The Company issued 2,723,083 shares of common stock and paid $64.0 million in cash, for total consideration of $141.9 million, in connection with the holding company merger. The results of operations acquired from Central have been included in the Company’s results of operations for the time period since the date of acquisition.
The accompanying unaudited consolidated financial statements have been prepared in accordance with the instructions to Form 10-Q and, therefore, do not include all the information and notes necessary for complete financial statements in conformity with U.S. Generally Accepted Accounting Principles (“GAAP”).
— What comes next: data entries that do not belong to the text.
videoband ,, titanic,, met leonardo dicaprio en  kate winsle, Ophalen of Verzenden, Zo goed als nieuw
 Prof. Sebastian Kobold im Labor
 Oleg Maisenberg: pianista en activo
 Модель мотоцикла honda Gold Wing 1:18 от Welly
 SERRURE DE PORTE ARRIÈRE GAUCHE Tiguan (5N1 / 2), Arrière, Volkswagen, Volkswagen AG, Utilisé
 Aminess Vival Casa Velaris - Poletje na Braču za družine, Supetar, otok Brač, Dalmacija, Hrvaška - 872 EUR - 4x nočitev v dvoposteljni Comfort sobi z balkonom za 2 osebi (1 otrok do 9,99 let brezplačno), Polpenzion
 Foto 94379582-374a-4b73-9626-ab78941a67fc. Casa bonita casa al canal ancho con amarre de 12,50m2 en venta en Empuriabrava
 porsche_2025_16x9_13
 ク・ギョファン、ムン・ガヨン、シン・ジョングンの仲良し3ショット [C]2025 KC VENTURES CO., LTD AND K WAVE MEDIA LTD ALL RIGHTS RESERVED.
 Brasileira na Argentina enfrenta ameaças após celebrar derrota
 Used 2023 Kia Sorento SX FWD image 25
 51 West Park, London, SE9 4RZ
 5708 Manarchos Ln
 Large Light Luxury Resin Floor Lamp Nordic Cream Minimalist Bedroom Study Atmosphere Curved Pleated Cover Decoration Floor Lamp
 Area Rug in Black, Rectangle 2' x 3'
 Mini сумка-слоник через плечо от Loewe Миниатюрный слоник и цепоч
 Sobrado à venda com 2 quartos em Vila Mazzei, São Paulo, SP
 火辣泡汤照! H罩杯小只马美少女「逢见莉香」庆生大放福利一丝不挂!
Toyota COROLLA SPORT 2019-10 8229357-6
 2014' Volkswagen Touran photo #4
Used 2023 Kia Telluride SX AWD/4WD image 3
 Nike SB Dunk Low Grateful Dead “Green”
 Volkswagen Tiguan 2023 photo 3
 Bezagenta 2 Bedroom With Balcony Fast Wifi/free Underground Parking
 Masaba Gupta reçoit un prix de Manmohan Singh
The information in this Quarterly Report on Form 10-Q is written with the presumption that the users of the interim financial statements have read or have access to the most recent Annual Report on Form 10-K of the Company, which contains the latest audited financial statements and notes thereto, together with Management’s Discussion and Analysis of Financial Condition and Results of Operations as of December 31, 2015 and for the year then ended. Management believes that the disclosures are adequate to make the information presented not misleading. In the opinion of management, the accompanying consolidated financial statements contain all adjustments (consisting of only normal recurring accruals) necessary to present fairly the Company’s financial position as of September 30, 2016, and the results of operations and cash flows for the three and nine months ended September 30, 2016 and 2015. All significant intercompany accounts and transactions have been eliminated in consolidation.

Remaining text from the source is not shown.